George Takei (Actor)
Born: April 20, 1937
Birthplace: Los Angeles, California, United States
Trivia: Asian-American actor George Takei studied architecture at the University of California and theatre arts at UCLA. Takei's first film appearance was in the 1960 Warner Bros. feature Ice Palace He appeared with regularity on series television in the early 1960s; his most controversial TV role was the son of a World War II traitor in the 1964 Twilight Zone episode "The Encounter," which was withdrawn from the series' syndicated package due to charges of misrepresentation from several Japanese-American groups. In 1966, Takei began what was to become a lifelong assignment when he was cast as chief navigator Hikaru Sulu on the evergreen science-fiction series Star Trek.
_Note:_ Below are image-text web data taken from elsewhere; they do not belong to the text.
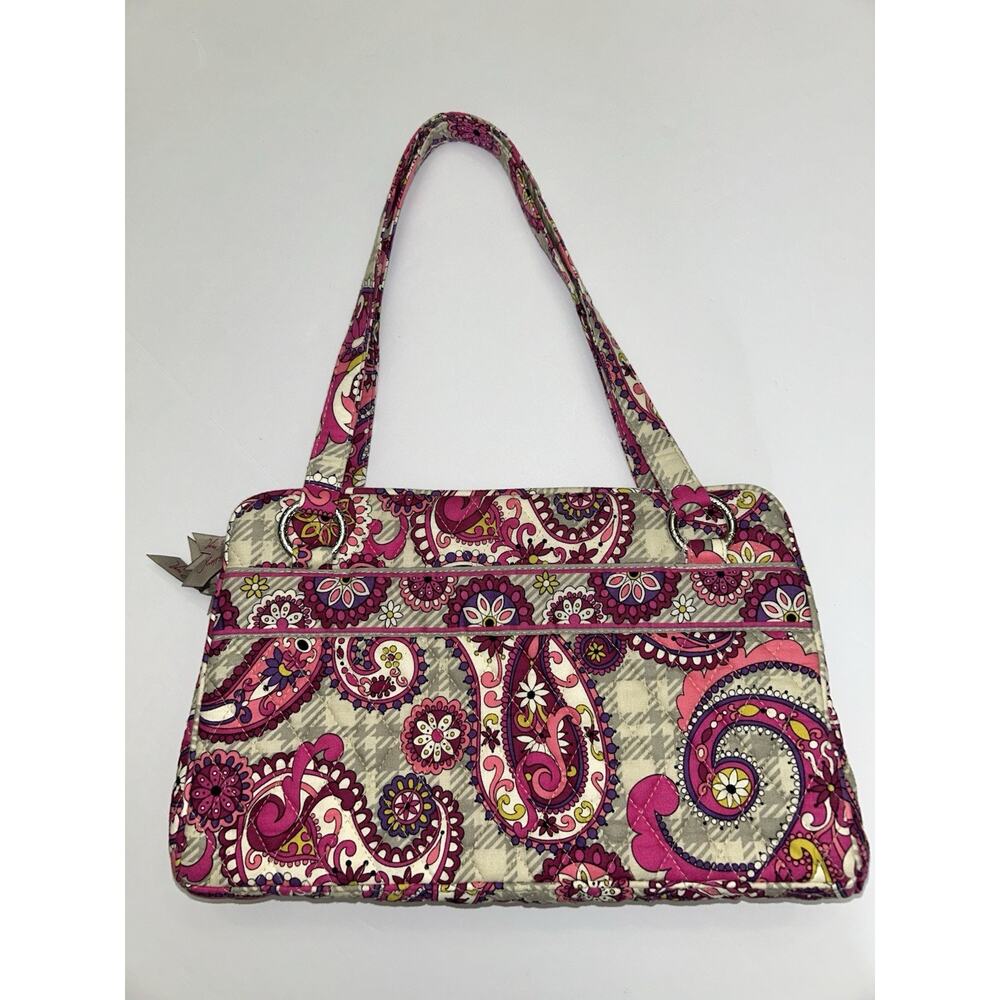 Vera Bradley Retired “Paisley Meets Plaid” Design Quilted Mandy Handbag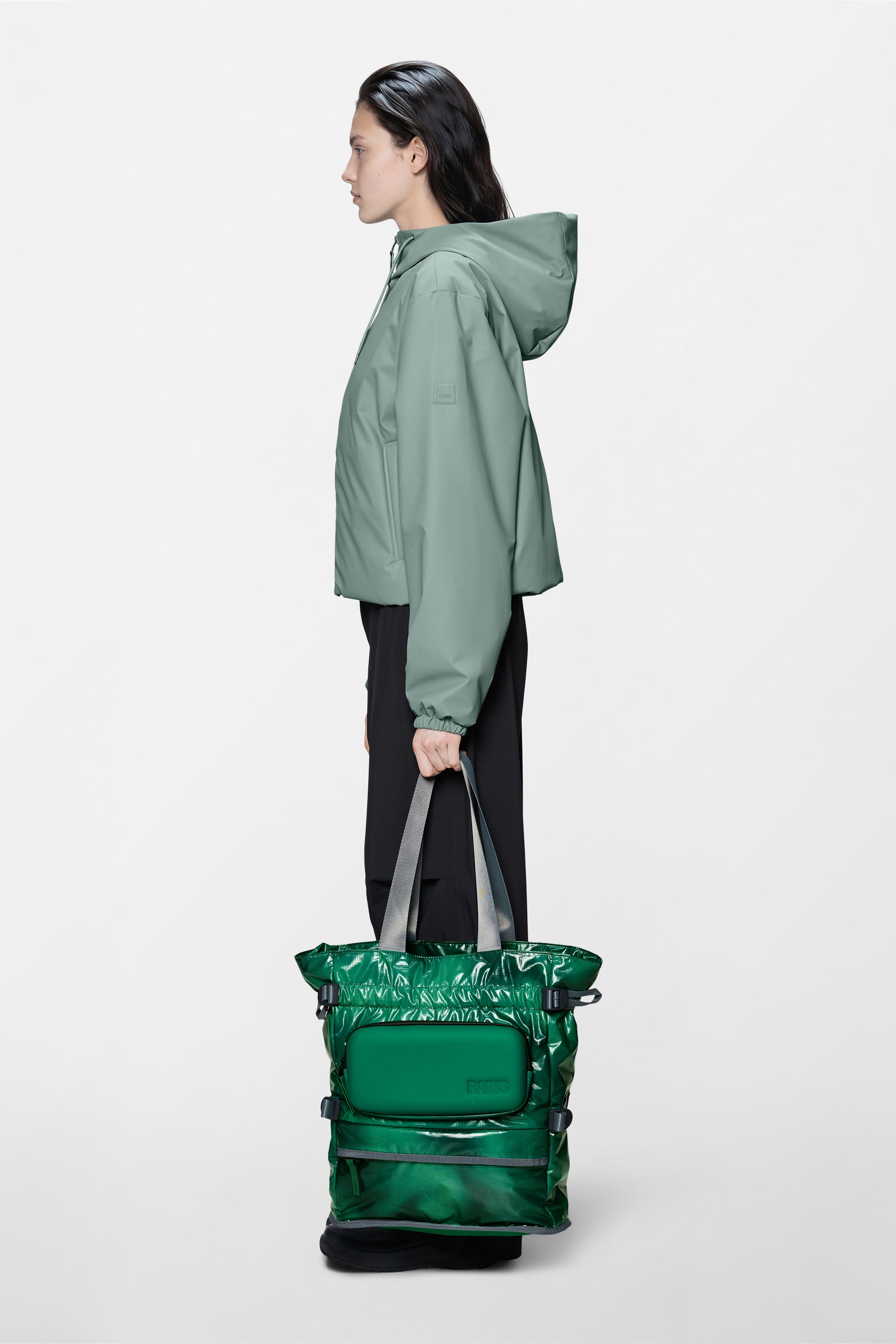 RAINS Sibu Shield Tote Bag Envy 31L H42 x D14 x W36.50 cm Tote
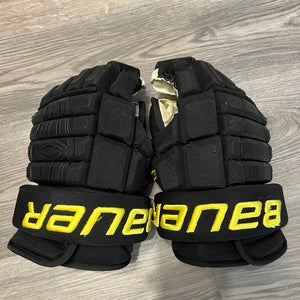 Bauer 4-Roll Pro Gloves 14" Pro Stock (Used)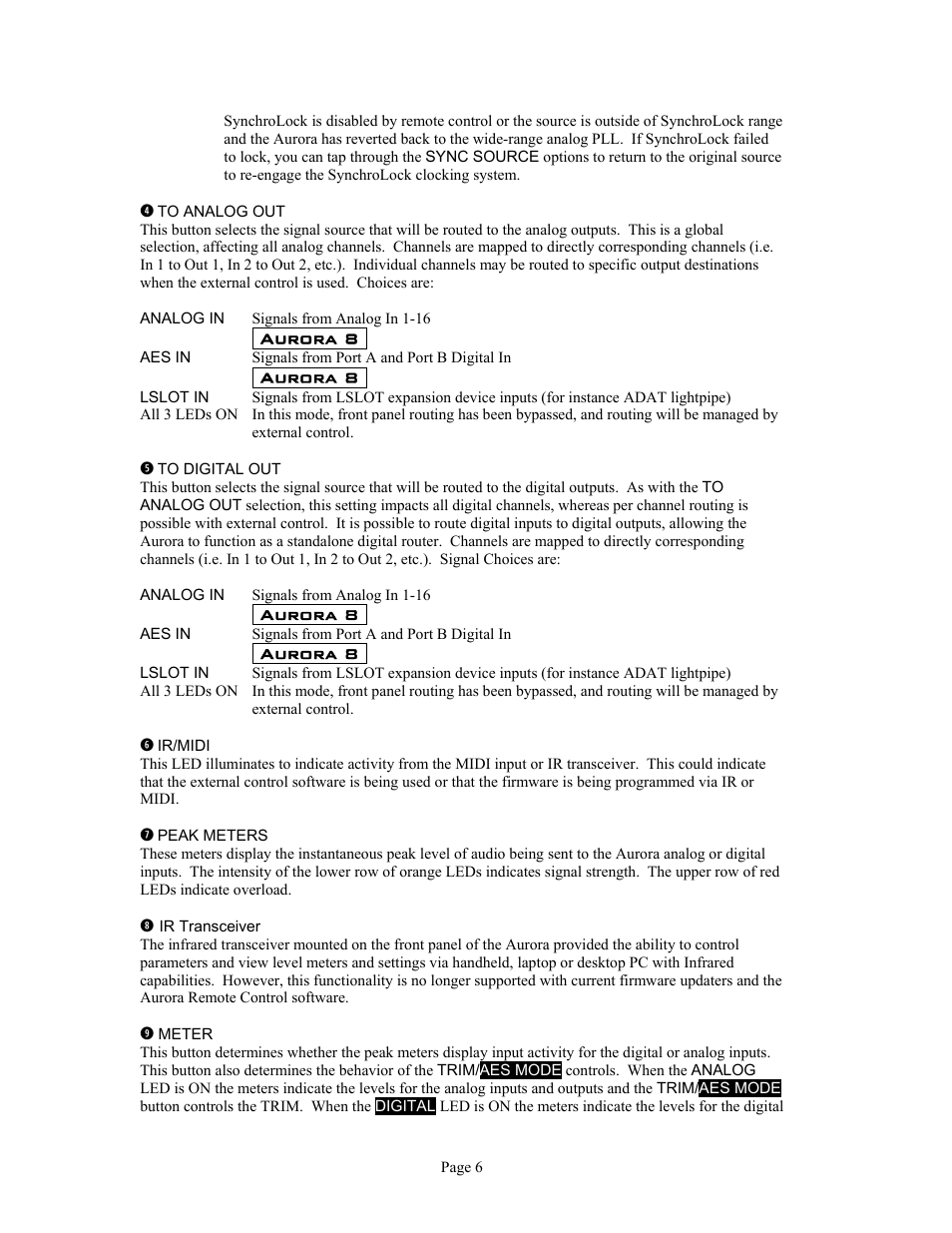 Lynx Studio Aurora 16 User Manual | Page 8 / 32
He has extended this characterization into seven Star Trek feature films, as well as a Saturday morning cartoon series. Erudite and socially correct at all times, Takei nonetheless enjoyed a reputation as Star Trek's most aggressive on-set practical joker. The show's three-year run ended, and although Takai appeared in a smattering of pictures including The Green Berets and Which Way to the Front?, he didn't find steady work on screen until the Star Trek film franchise got under way in 1979. The ongoing love for the series, and Takai's own ability to stay in the public eye thanks in part to his ongoing association with Howard Stern's radio show, helped him find steady work throughout the nineties, eventually finding a very lucrative career using his quite recognizable, resonant voice in a variety of animated endeavors. He announced in a 2005 interview that he's been in a long-term relationship with another man for nearly 20 years, and this news did nothing to halt his career or the public's goodwill toward him. Among his most high-profile acting gigs apart from Star Trek have been the television show Heroes, okaying Le Duc Tho in Kissinger and Nixon, and playing a quirky economics teacher in the Tom Hanks directed Larry Crowne.